Resilient market performance raises questions over whether current affordability rules remain too restrictive
The UK housing market has continued to outperform the broader economy, supported by a mortgage sector that has absorbed higher interest rates more smoothly than many anticipated, according to the Intermediary Mortgage Lenders Association (IMLA).
In its New Normal 2026/27 report, IMLA forecasted that mortgage arrears would keep edging down in 2026 and 2027, even as the remaining borrowers on ultra-low pre-tightening fixed rates moved onto new deals. The association estimated that around 0.85% of mortgage accounts were in arrears at the end of 2025, falling to 0.80% by the close of 2026 and 0.74% by the end of 2027.
IMLA said these historically low arrears levels reflect the impact of cautious lending standards and a regulatory regime built around affordability and stability in the years following the global financial crisis.
“The last two years represented the toughest test the mortgage market has faced since the financial crisis,” said Kate Davies (pictured right), executive director at the Intermediary Mortgage Lenders Association.
“Tight post-crisis safeguards and robust affordability assessments meant borrowers were better prepared for higher rates than many anticipated. As a result, arrears are now falling even before rates have fully normalised.”
IMLA argued that the continued reduction in arrears after what it described as the sharpest interest rate shock in decades raises questions over whether aspects of the current mortgage framework have become overly restrictive.
“The performance of the market over the past two years shows that the system is more resilient than many may have assumed,” said Davies. “Record-low arrears and strong borrower outcomes suggest that regulation and lending practices have been highly effective in managing risk but also that, in some areas, they may have gone further than was strictly necessary.”
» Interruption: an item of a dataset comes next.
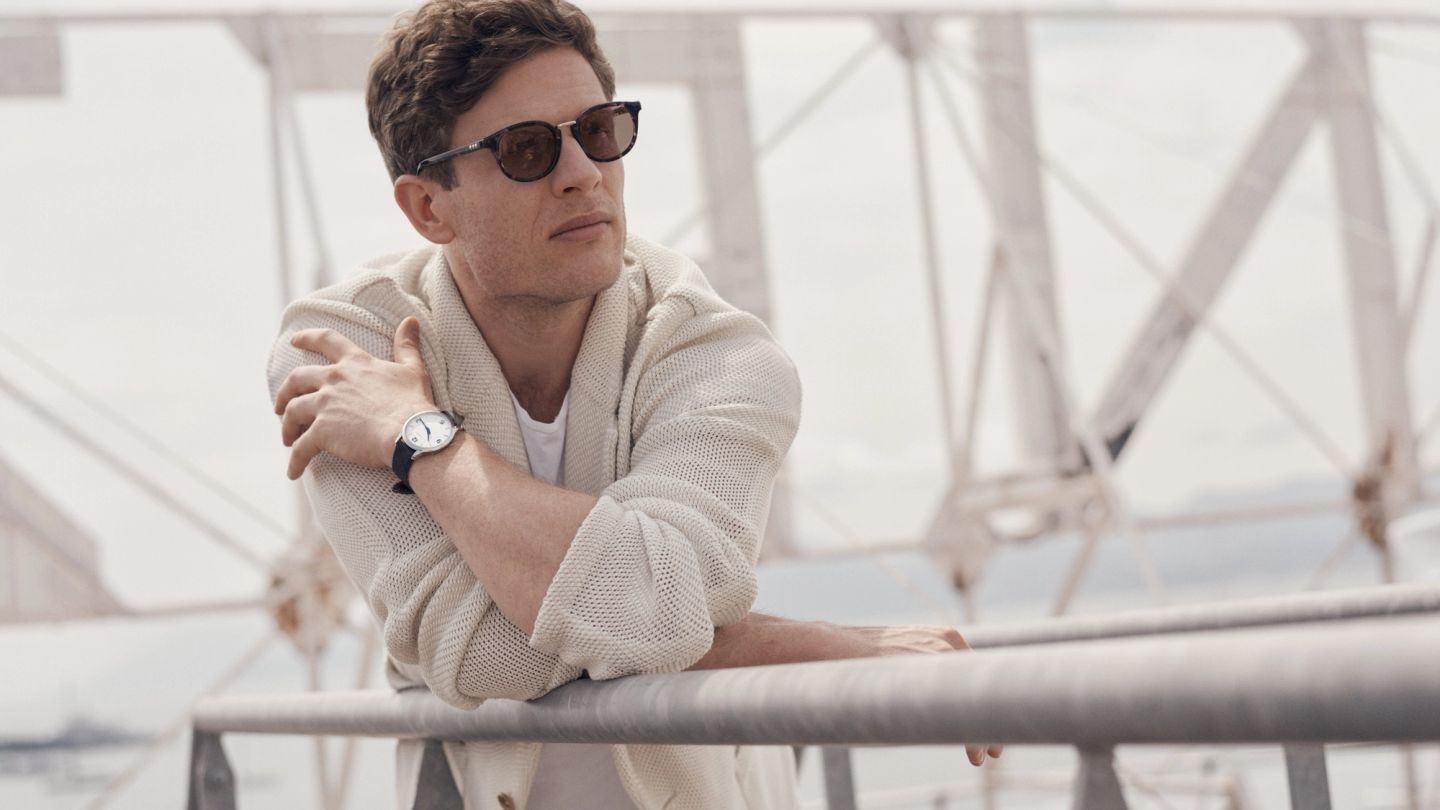 This is why confident men are more attractive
The trade body pointed to recent steps by the Financial Conduct Authority to clarify affordability expectations, together with lenders’ own moves to relax certain policy parameters as interest rates fall.
IMLA said these changes show that carefully managed adjustment is possible without weakening consumer protection or financial stability, and it believes the latest arrears data indicate there is room to go further.
The lenders association also highlighted the implications for would-be first-time buyers, including what it describes as a “lost generation” of about 3.5 million households. This group was identified in its earlier report, The Mortgage Affordability Paradox, as households that historically might have been expected to purchase since the financial crisis but have remained in the private rented sector due to affordability pressures and regulatory barriers.
“The evidence now suggests we can afford to be more ambitious,” Davies said. “With arrears low, equity levels high and affordability improving, there is a strong case for continuing to ease access to homeownership in a measured way, so that more first-time buyers can safely take their first step onto the housing ladder.”